Hamman started his career as a part-time driver in September of 1976 and later made the transition to a full-time driver the following year.
“I worked through the peak, which is Christmastime, that’s what we call it at UPS. Shortly after Christmas, on Feb. 28, 1977, I made my seniority and have been driving ever since,” commented Hamman. “The benefits have been very good, and helped me raise a family with three kids. It’s been a good company to work for.”
Hamman added that the process of delivering packages has led to a number of changes in delivery from when he first started.
“Back when I started, everything was all on paper, and it was only 50 pounds per package we can haul, because we were governed by interstate tariffs and freight systems. Now it’s 150 pounds per package, and an unlimited amount,” stated Hamman. “The air system has really changed a lot from when I started. We had no air freight when I started. Over the years, it went to second day air, then next day air, and then Saturday deliveries. We’ve got all new computers, everything is electronic, and they know every step we make nowadays.”

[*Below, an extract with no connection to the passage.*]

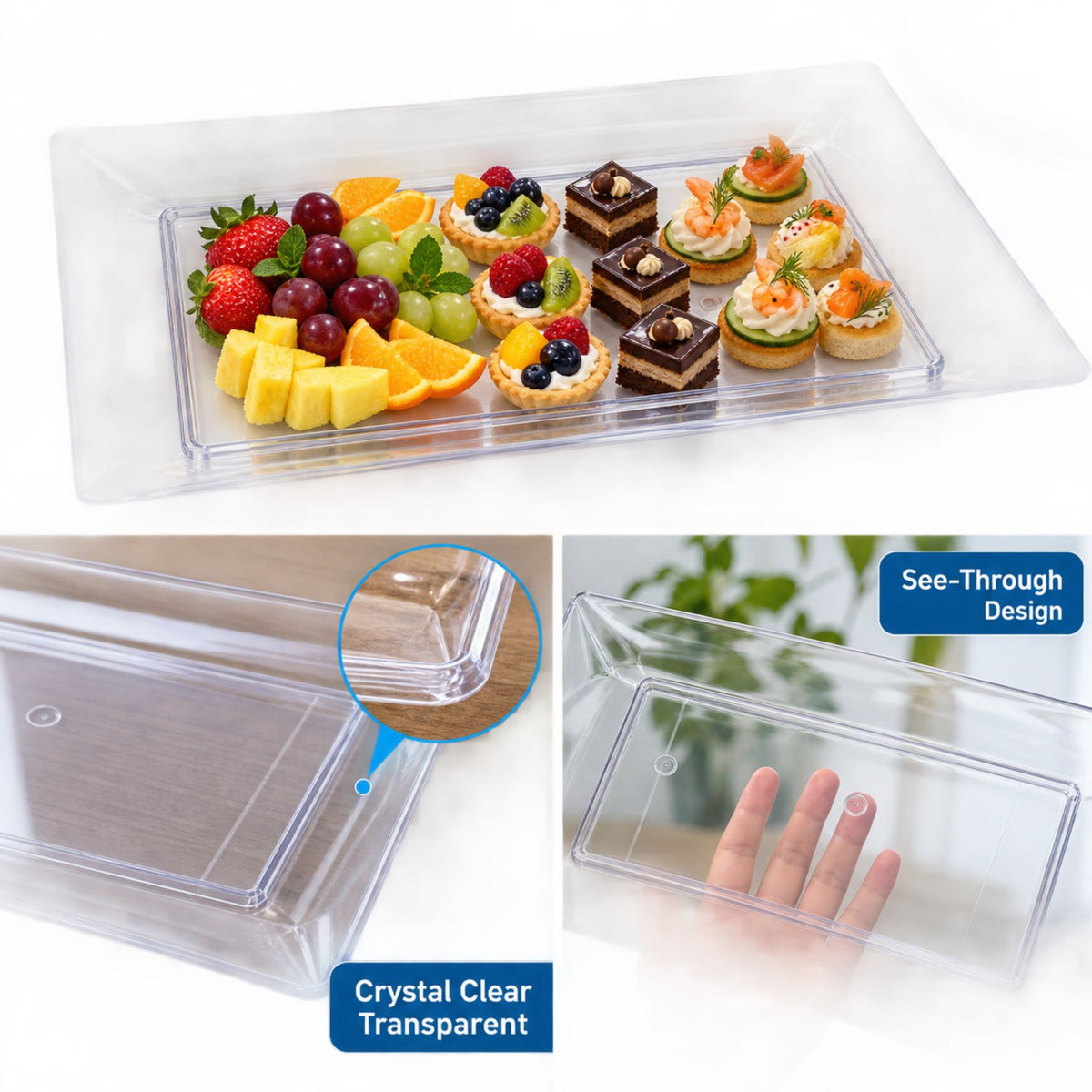 9" x 13" Clear Plastic Serving Tray – Rectangular Party Platter for Appetizers, Desserts, Fruit, Snacks & Catering Disposable Serving Trays Lillian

Nowadays, in severe inclement weather days, some businesses will close and/pr allow their workers to work from home. However, Hamman said weather didn’t prevent many regular deliveries for UPS drivers.

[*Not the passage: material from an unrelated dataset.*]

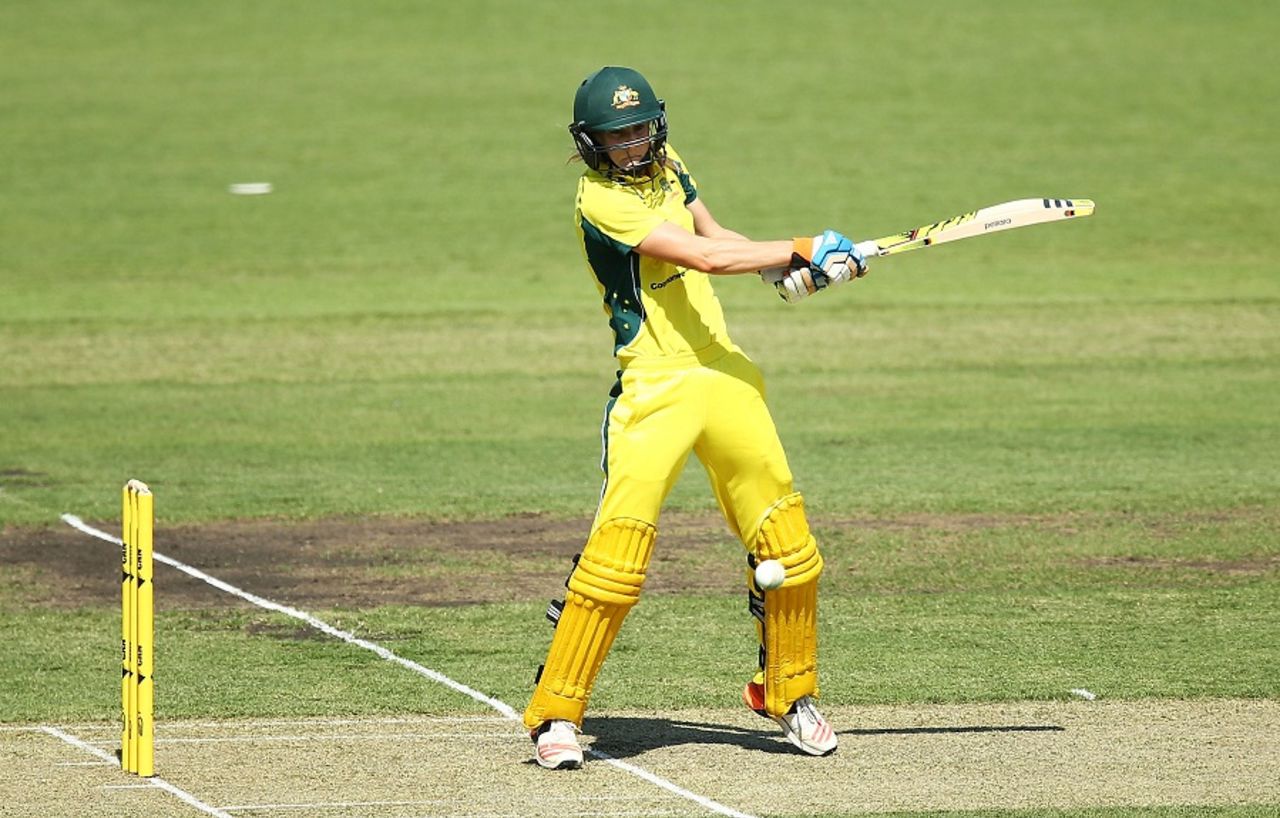 Ellyse Perry plays a cut during her 90, Australia v India, 1st Women's ODI, Canberra, February 2, 2016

“I can probably count on one hand the number of days that we were off for a whole day due to a weather event. We were out in all kinds of weather. In the winter, we dressed for it, took extra clothes in case we broke down, went slow, and took it one stop at a time,” Hamman commented.
Hamman was also pleased that he was able to go into retirement with 45 years of safe driving under his belt, as safety is a big concern at UPS.

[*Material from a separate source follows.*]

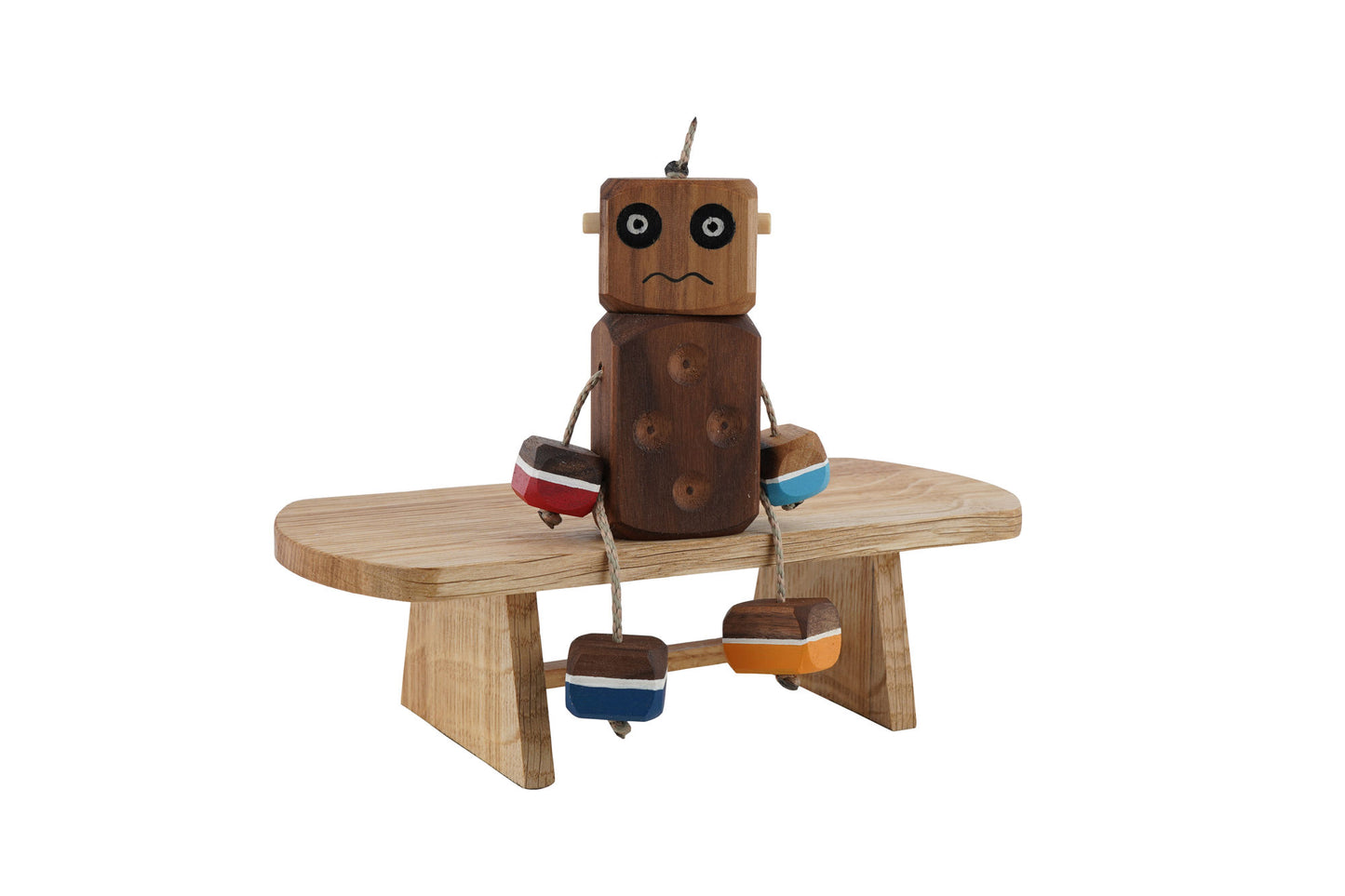 Worry Ned in Walnut | Handmade Wooden Robot Toy | UKCA CE Tested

“Every day at our pre-communication meetings they pushed for safety, and we did follow-ups on our safety training, and took classes on the computer on an annual basis. The PCMs also allowed us to talk about accidents on the routes, and reiterated our safety protocols. With as many vehicles that they have out daily, safety is probably the biggest thing on their minds,” Hamman said.
Hamman said there were a number of factors that led him to decide to put in his retirement this year.
“I’ve worked 47 years of peak season driving for UPS, and this retirement date is the exact date which I was hired all those years ago. My wife and I are wanting to do something with family, and I’ve lost some family members last year that kind of expedited my decision. I had two brothers- in-law pass away, and one of them didn’t even get a whole year off to enjoy retirement. Things were at a good place for us, so both my wife and I went ahead and decided to retire,” explained Hamman.
Hamman said having family at his retirement party made a bittersweet moment into an event with more closure.
“All of the kids and the grandkids made it, so that was special. A lot of the UPS retirees were there as well, so it gave us a nice bit of time to enjoy the moment and put the icing on the cake.”
Still, while he’s been off the clock for a couple of weeks, Hamman said there are still some old habits from his working days he’s trying to break.
“I’ve got to get used to not waking up at 4:30 or 5 in the morning. Like any business, we had health issues, and since I was the senior guy, I was getting called in pretty regularly every morning from before to after Thanksgiving, and so I got used to getting up at that time, so that’s been a hard habit to break,” explained Hamman.